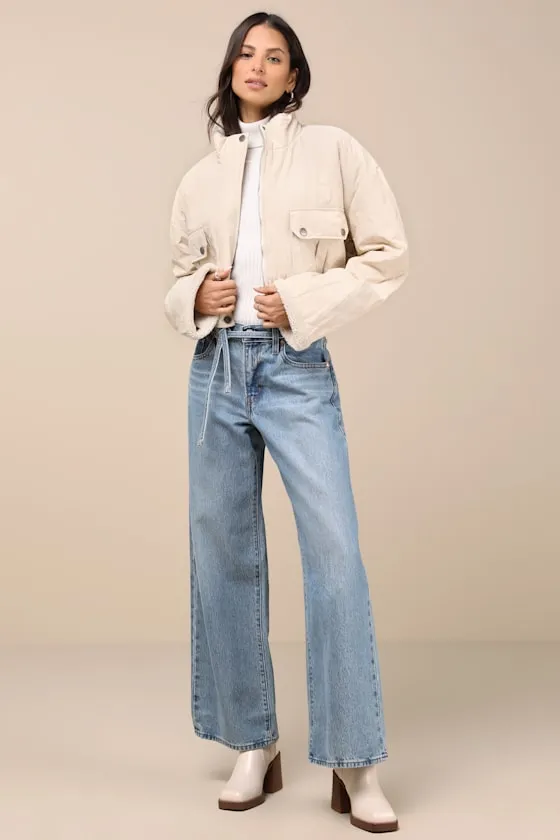 Reela Cream Quilted Cropped Jacket sold by Lulus product image thumbnail 2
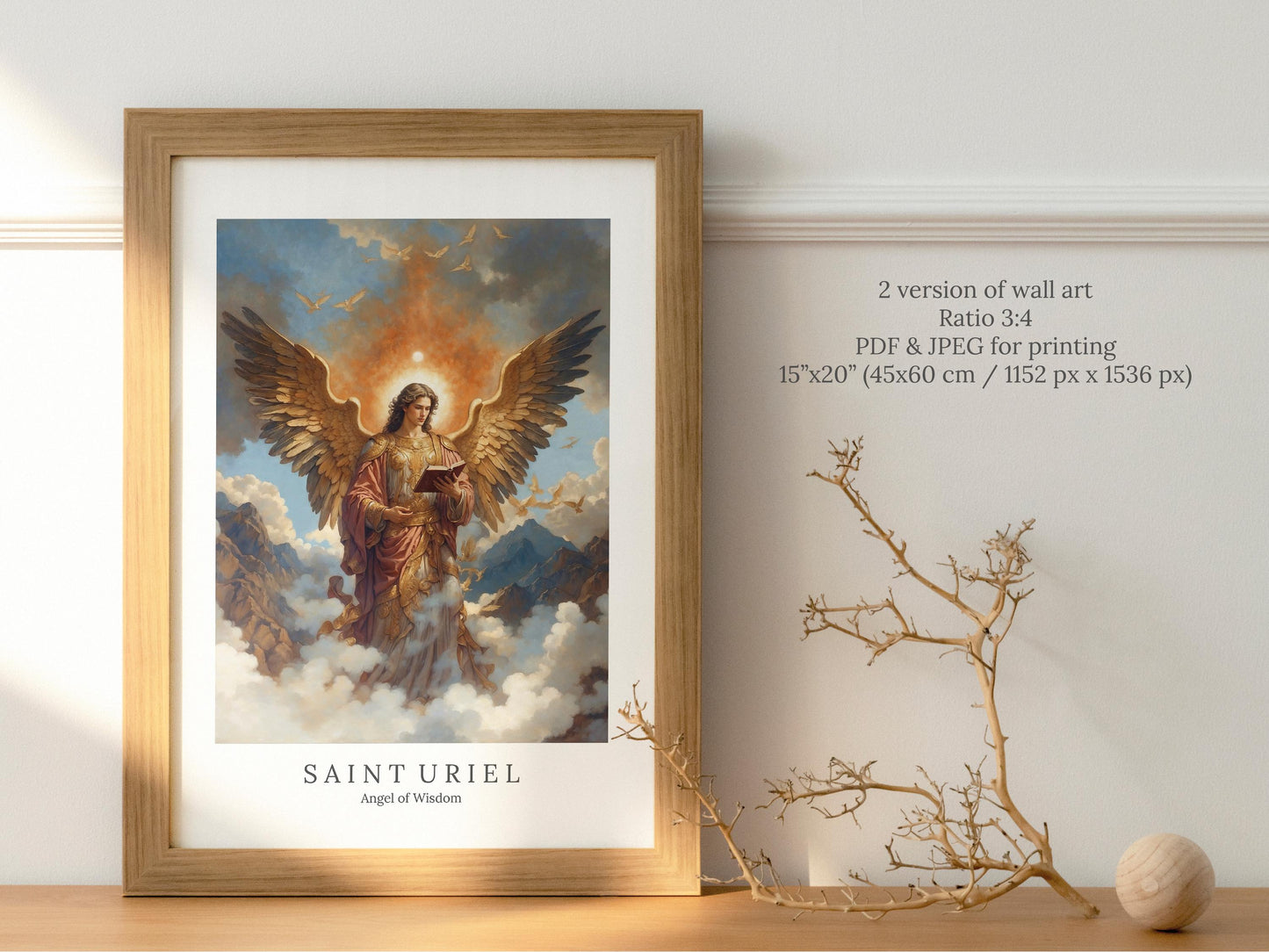 Archangel Uriel Digital Art - Saint Uriel, Angel of Wisdom, Truth, Light, St. Uriel Painting, Wall Art, Christianity, Guardian Angel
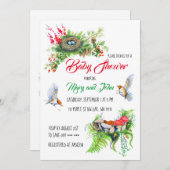 農村の森のロビン鳥の巣のベビーシャワー 招待状 (正面/裏面)
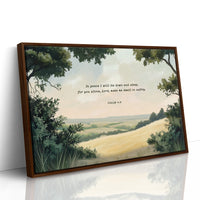 Peaceful Meadow with Psalm 4:8 Scripture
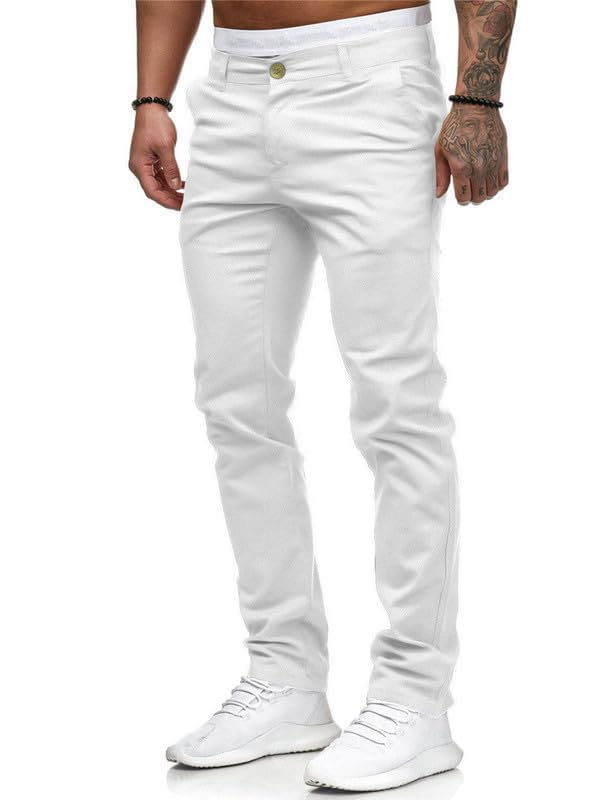 Summer Casual Men's Slim-Fit Youth Solid Color Trousers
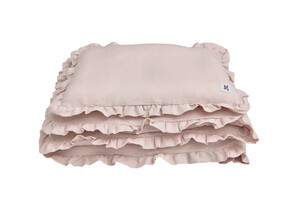 Linien bedding with a flounce dusty pink S with filling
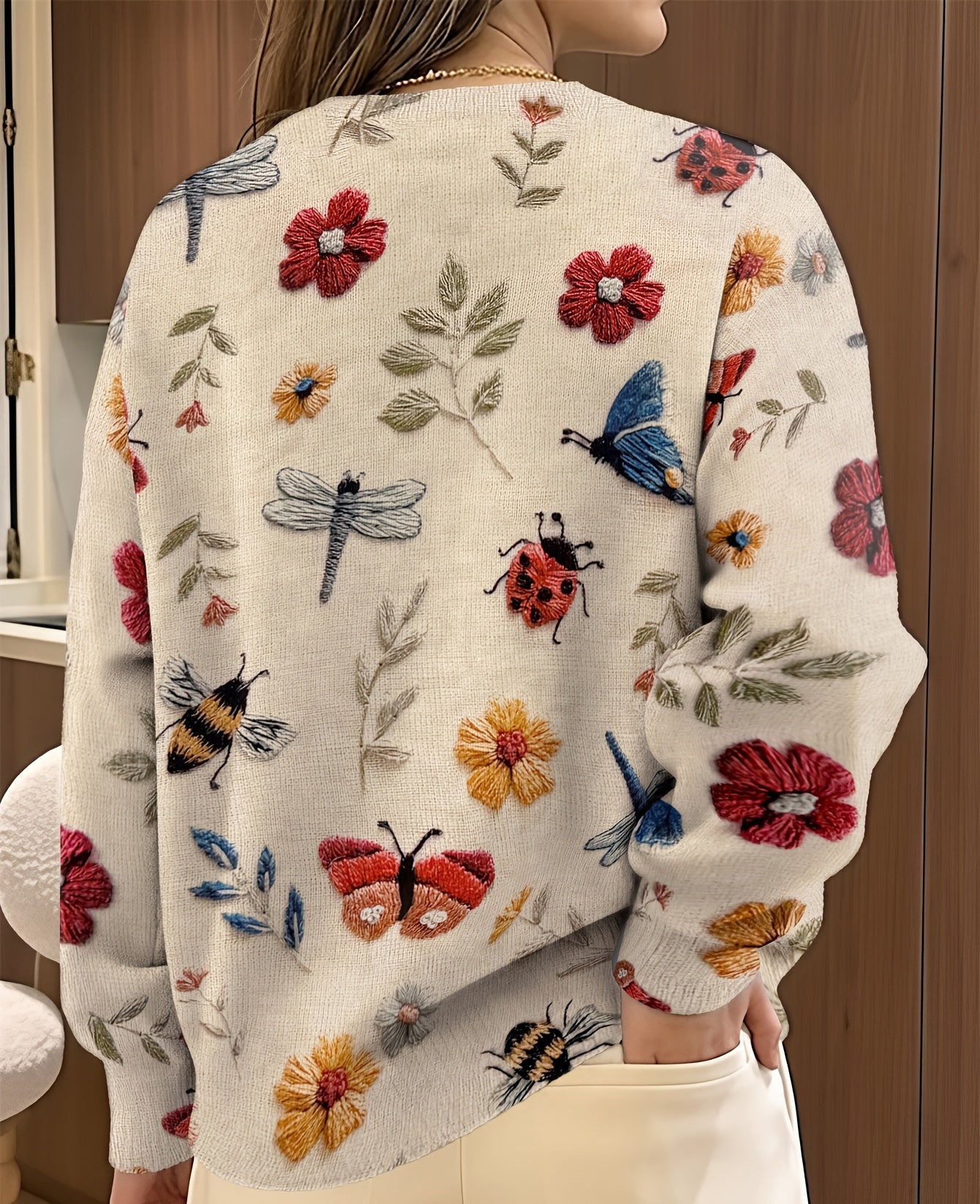 Mahina | Botanical Print Knit Sweater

■ EXERCISE DESCRIPTION ■
Once the pictures are set aside, give the rest of the listing again exactly.

■ FINISHED EXERCISE ■
 Reela Cream Quilted Cropped Jacket sold by Lulus product image thumbnail 2
 Archangel Uriel Digital Art - Saint Uriel, Angel of Wisdom, Truth, Light, St. Uriel Painting, Wall Art, Christianity, Guardian Angel
 農村の森のロビン鳥の巣のベビーシャワー 招待状 (正面/裏面)
 Peaceful Meadow with Psalm 4:8 Scripture
 Summer Casual Men's Slim-Fit Youth Solid Color Trousers
 Linien bedding with a flounce dusty pink S with filling
 Mahina | Botanical Print Knit Sweater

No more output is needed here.